Awesome
Oryon: Open-Vocabulary Object 6D Pose Estimation [CVPR2024 highlight]
🔥🔥🔥Check out the new Oryon version technical report!
This is the repository that contains source code for the Oryon website and its implementation. This work featured as highlight paper at CVPR'24.
Roadmap
- 25/06/24: New Oryon version released
- 26/03/24: Code released
- 07/12/23: Added test and train splits
- 04/12/23: Website and arxiv released
Installation
First of all, download oryon_data.zip
and pretrained_models.zip
from the release of this repository.
The first contains the ground-truth information and the specification of the image pairs used, the second contains the third-party checkpoint used in Oryon (i.e, the tokenizer and PointDSC).
Run setup.sh
to install the environment and download the external checkpoints.
Running Oryon
By default all experiments folder are created in exp_data/
.
This can be modified in the config file.
Training with default settings:
python run_train.py exp_name=baseline
Run the following to obtain results with the basic 4 configurations. By default, the last checkpoint is used.

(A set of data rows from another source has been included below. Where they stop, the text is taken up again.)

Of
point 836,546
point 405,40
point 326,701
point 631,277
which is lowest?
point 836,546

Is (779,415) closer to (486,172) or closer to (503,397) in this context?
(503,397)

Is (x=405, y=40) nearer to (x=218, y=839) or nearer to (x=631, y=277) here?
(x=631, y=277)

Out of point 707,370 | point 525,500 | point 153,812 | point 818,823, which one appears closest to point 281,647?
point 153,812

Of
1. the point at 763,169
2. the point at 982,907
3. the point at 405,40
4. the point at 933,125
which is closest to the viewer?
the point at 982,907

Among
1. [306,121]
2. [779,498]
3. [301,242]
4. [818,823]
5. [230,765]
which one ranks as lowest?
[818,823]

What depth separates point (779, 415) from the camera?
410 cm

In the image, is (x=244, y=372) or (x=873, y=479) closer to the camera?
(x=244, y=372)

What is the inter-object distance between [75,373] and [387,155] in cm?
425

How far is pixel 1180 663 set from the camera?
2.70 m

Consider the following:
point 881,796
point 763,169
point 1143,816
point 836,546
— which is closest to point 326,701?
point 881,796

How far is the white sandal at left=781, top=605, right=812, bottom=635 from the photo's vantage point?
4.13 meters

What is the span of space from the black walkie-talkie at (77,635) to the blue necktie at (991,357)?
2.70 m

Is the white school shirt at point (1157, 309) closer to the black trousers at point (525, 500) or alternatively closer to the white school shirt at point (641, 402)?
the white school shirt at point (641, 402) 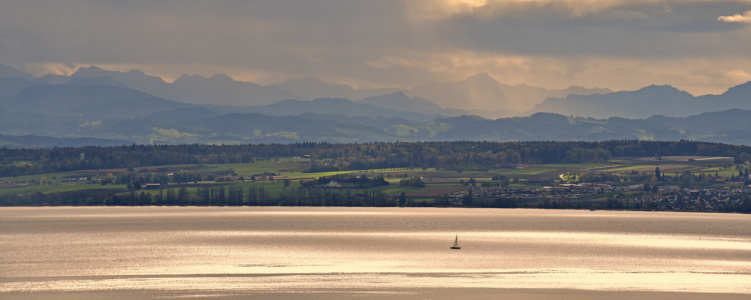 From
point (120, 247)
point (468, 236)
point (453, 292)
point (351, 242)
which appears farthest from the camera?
point (468, 236)

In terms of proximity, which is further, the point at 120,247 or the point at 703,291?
the point at 120,247

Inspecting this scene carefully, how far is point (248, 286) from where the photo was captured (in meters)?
114

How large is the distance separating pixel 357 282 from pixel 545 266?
31.8 m

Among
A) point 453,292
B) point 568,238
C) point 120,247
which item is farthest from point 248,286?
point 568,238

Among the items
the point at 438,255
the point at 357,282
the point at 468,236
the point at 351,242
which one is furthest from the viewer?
the point at 468,236

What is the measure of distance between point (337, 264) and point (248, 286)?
26104 mm

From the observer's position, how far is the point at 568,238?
193750mm

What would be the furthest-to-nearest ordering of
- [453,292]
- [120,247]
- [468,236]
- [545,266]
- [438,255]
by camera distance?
[468,236]
[120,247]
[438,255]
[545,266]
[453,292]

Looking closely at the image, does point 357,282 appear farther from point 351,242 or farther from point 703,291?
point 351,242

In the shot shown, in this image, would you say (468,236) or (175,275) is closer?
(175,275)

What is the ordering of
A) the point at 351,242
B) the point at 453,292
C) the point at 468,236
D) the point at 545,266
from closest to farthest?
the point at 453,292 → the point at 545,266 → the point at 351,242 → the point at 468,236

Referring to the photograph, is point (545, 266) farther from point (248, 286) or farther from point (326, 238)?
point (326, 238)

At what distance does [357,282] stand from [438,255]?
37.8 metres

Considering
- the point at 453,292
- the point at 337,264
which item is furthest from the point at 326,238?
the point at 453,292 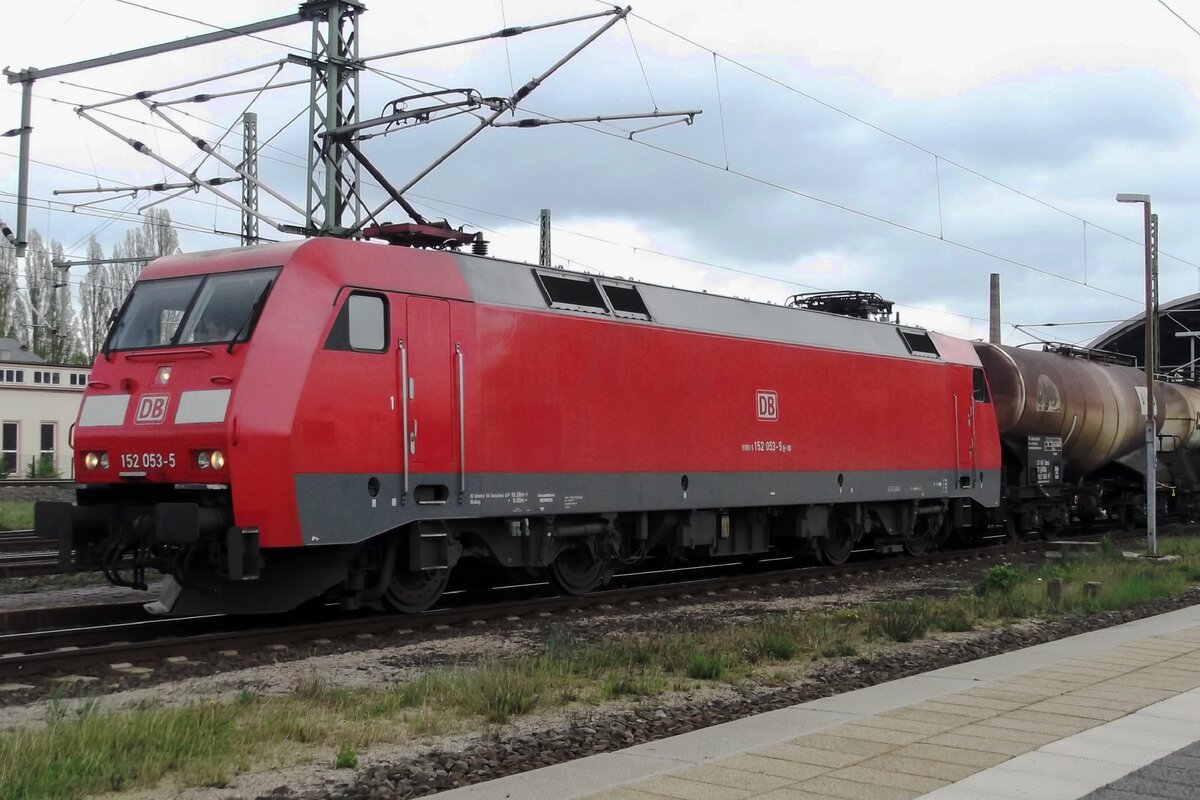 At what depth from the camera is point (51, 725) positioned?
7.03 m

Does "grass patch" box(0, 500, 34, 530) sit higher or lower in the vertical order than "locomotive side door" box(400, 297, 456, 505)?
lower

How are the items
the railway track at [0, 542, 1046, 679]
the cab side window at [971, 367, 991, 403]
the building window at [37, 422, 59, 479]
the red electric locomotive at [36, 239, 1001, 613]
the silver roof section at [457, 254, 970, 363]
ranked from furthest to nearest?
the building window at [37, 422, 59, 479] → the cab side window at [971, 367, 991, 403] → the silver roof section at [457, 254, 970, 363] → the red electric locomotive at [36, 239, 1001, 613] → the railway track at [0, 542, 1046, 679]

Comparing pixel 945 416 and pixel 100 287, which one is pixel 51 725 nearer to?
pixel 945 416

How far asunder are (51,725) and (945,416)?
16922mm

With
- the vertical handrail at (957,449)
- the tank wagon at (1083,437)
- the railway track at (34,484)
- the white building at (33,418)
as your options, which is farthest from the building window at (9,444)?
the vertical handrail at (957,449)

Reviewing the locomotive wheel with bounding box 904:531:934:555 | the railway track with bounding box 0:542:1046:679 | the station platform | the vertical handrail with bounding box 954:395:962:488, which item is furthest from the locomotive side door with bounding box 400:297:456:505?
the vertical handrail with bounding box 954:395:962:488

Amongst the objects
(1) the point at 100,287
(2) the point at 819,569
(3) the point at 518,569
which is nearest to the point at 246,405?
(3) the point at 518,569

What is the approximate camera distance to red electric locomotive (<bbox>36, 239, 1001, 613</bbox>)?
10867 millimetres

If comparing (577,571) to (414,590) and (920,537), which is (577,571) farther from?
(920,537)

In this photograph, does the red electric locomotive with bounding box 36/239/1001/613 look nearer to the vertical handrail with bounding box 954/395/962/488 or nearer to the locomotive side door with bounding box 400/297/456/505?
the locomotive side door with bounding box 400/297/456/505

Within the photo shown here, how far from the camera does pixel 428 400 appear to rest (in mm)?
12234

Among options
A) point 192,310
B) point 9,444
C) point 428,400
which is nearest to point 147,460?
point 192,310

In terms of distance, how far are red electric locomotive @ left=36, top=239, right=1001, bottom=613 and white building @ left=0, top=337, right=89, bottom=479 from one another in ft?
111

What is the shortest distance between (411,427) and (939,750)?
6749 millimetres
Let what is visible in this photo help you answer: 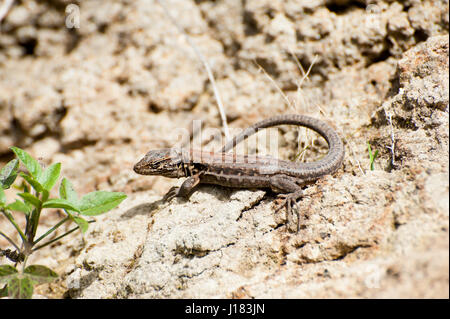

python run_test.py -cp exp_data/baseline/ dataset.test.name=nocs test.mask=predicted
python run_test.py -cp exp_data/baseline/ dataset.test.name=nocs test.mask=oracle
python run_test.py -cp exp_data/baseline/ dataset.test.name=toyl test.mask=predicted
python run_test.py -cp exp_data/baseline/ dataset.test.name=toyl test.mask=oracle
Dataset preparation
Our data is based on three publicly available datasets:
- REAL275, used for test. We sample from the real test partition.
- Toyota-Light (TOYL), used for test. We sample from real the test partition from the BOP challenge.
- ShapeNet6D (SN6D), used for training. Note that SN6D itself does not provide textual annotations, but it uses object models from ShapeNetSem, which do provide object names and synsets for each object model.
We sample scenes from each dataset to build the training and testing partition (20000 image pairs for SN6D and 2000 for REAL275 and TOYL), and report in the following folder the scene ids and image ids used for each partition.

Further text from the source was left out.